Santé conjuguée n°98 - mars 2022

Médecin généraliste à la maison de santé Potager, à Saint-Josse-ten-Noode, elle est également conseillère santé pour le parti Ecolo-Groen au parlement fédéral. Précédemment, elle était membre du bureau stratégique de la Fédération.

Le bureau stratégique – pour résumer avec un mot que peu de gens aiment –, on dirait qu’on est des lobbyistes au service d’une bonne cause. Évidemment, les lobbyistes pensent toujours que leur cause est la meilleure, mais on est, oui, des militants pour transformer le système de santé en Belgique afin qu’il soit plus orienté vers des soins de santé primaires et vers une meilleure accessibilité aux soins pour tous. Le modèle que l’on défend pour cela, un des moyens, c’est de développer plus de maisons médicales. On défend toutes les méthodes qui permettent d’augmenter l’accès aux soins pour les patients, on défend la qualité des soins, on défend surtout le travail des équipes interdisciplinaires. Du côté des patients cela améliore, je pense, la qualité des soins dans des situations compliquées où on a l’impression qu’il y a des blocages de communication, que l’on n’a pas tout saisi. On va partager le dossier des patients quand c’est nécessaire. J’insiste : ce n’est pas nécessaire pour tous les patients et il ne faut pas toujours partager toutes les données, toutes les informations, mais, dans les cas compliqués, pouvoir s’asseoir autour d’une table et écouter tant le point de vue de l’accueil que du kiné, du médecin que de l’infirmier, c’est ça que l’on définit comme interdisciplinarité. Non seulement parler, mais aussi travailler ensemble, parfois aller toquer à la porte du cabinet d’à côté pour dire « j’ai un patient qui a un problème de dos, est-ce que toi, kiné, tu peux me donner un avis ? L’examiner avec moi ? » Ou « est-ce que je peux venir en consultation avec toi qui es psychologue pour sortir d’une situation complexe avec ce patient-là ? ».

L’intérêt de l’interdisciplinarité pour les équipes, c’est le bien-être au travail.

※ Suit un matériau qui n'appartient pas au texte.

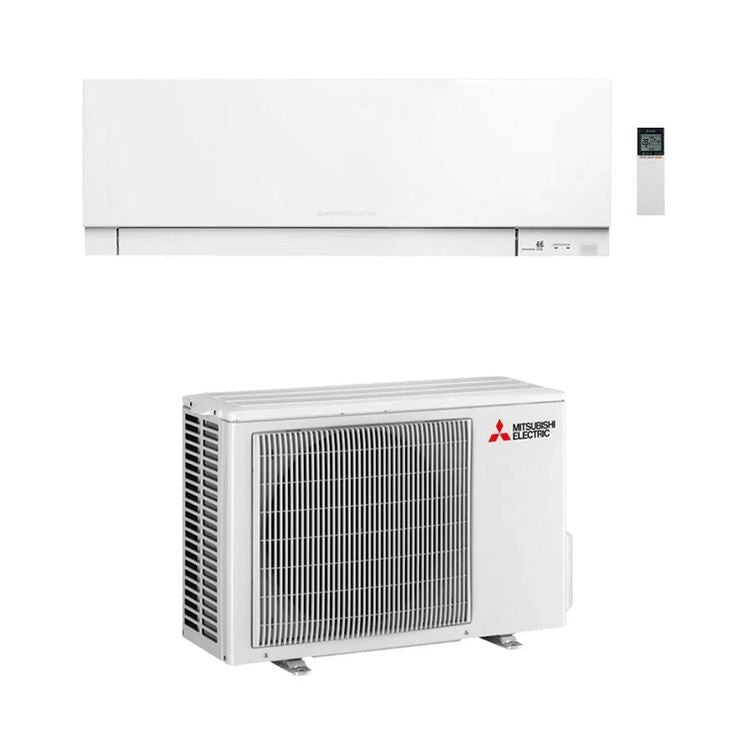 Condizionatore Climatizzatore Mitsubishi Electric Inverter Kirigamine Zen R-32 Bianco 9000 BTU MSZ-EF25VGW Wi-Fi Optional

C’est d’avoir des collègues avec qui l’on peut échanger des compétences, des informations, poser des questions. En termes scientifiques et de compétences, ça ne fait que nous tirer vers le haut, pour autant qu’on se laisse remettre en question et qu’on s’entende bien. On a le droit de partager certaines informations, mais c’est important de toujours demander le consentement du patient. La priorité, c’est les intérêts du patient. Les patients ont toujours le droit de dire « ça, je ne veux pas que les autres le sachent ». C’est indispensable, si on veut faire du bon travail interdisciplinaire, de se réunir, de se parler, de se faire confiance, d’échanger les pratiques, d’échanger au sujet des patients. Je pense qu’il faut une bonne dose d’humilité et de capacité de se taire parfois, avoir la capacité de se remettre en question, la capacité d’accepter des consensus qui ne sont pas ce que, nous, on aurait fait tout seul, mais d’appliquer ce qui est bon pour la collectivité. Oui, ça demande des aptitudes et beaucoup de communication, beaucoup d’écoute.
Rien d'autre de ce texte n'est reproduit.